Dyess became home to the 3-year-old Johnny, known as J.R. to locals and family. The young J.R. worked in the fields alongside his parents and six siblings. Music was always an integral part of everyday life in the Cash family. It was here that J.R. Cash got much of his inspiration for many of his early songs, like “Five Feet High and Rising.” Dyess was also the place where Jack Cash, the older brother of Johnny, died and is buried at the Bassett Cemetery on Highway 61, a short drive south of the town.

The day was Friday, May 12, 1944, when young J.R. begged his older brother to, “Please quit working and come fishing with me.” Jack answered, “No, I’ve got to do this because we need the $3.00. You go ahead and I’ll meet you later.” Jack was working inside the high school agricultural shop, where he was cutting oak trees into fence posts. J.R. left his brother and went fishing. While using the table saw, it jammed. 15-year old Jack leaned over to fix the problem and his clothes got caught in the saw, cutting into his midsection. Jack didn’t live to see his sixteenth birthday, dying one week later. At 12 years of age, the would-be country music legend helped dig his brother’s grave, according to his sister, Joanne. “At the service, his clothes were dirty from the effort, and he wore no shoes since his foot was swollen from stepping on a nail.” After Jack’s death, J.R. lost his child-like, carefree attitude towards life, becoming melancholy and withdrawn.
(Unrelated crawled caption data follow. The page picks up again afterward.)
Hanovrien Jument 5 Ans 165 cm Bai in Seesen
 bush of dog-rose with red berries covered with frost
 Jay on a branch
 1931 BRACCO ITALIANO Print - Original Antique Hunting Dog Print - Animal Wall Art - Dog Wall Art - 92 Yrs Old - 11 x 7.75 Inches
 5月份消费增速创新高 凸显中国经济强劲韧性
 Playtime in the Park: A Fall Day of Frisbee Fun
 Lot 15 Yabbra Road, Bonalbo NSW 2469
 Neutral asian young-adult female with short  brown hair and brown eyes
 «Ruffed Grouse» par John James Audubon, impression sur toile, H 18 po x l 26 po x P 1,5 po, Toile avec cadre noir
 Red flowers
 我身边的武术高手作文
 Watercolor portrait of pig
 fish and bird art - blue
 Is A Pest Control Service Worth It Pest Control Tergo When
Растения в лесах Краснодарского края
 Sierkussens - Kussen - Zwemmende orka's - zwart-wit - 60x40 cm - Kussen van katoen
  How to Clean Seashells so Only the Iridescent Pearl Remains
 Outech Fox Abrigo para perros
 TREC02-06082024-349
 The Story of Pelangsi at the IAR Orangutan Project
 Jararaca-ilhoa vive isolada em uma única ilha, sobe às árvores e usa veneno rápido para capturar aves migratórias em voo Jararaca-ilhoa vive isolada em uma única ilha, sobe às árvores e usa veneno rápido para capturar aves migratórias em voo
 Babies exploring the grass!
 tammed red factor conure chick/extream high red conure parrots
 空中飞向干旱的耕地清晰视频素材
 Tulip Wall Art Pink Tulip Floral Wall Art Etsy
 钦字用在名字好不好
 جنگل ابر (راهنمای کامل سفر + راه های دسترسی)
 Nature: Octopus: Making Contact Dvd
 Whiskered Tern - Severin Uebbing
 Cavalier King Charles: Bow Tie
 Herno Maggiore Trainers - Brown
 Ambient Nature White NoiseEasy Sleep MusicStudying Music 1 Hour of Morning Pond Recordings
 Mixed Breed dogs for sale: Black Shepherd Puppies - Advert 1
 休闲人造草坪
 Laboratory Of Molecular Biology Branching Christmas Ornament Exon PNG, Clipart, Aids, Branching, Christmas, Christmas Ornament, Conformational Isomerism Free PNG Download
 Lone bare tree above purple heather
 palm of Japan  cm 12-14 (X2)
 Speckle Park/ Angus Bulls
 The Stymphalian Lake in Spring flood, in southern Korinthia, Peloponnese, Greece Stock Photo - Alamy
Johnny Cash lived in Dyess with his family until after high school graduation. He worked for a time at a GM assembly plant in Pontiac, Michigan before joining the Air Force in 1950. His father, Ray Cash, was one of the few in the Dyess Colony who successfully converted his farmstead to agricultural production and paid back the government for his home and land, allowing him to own it outright.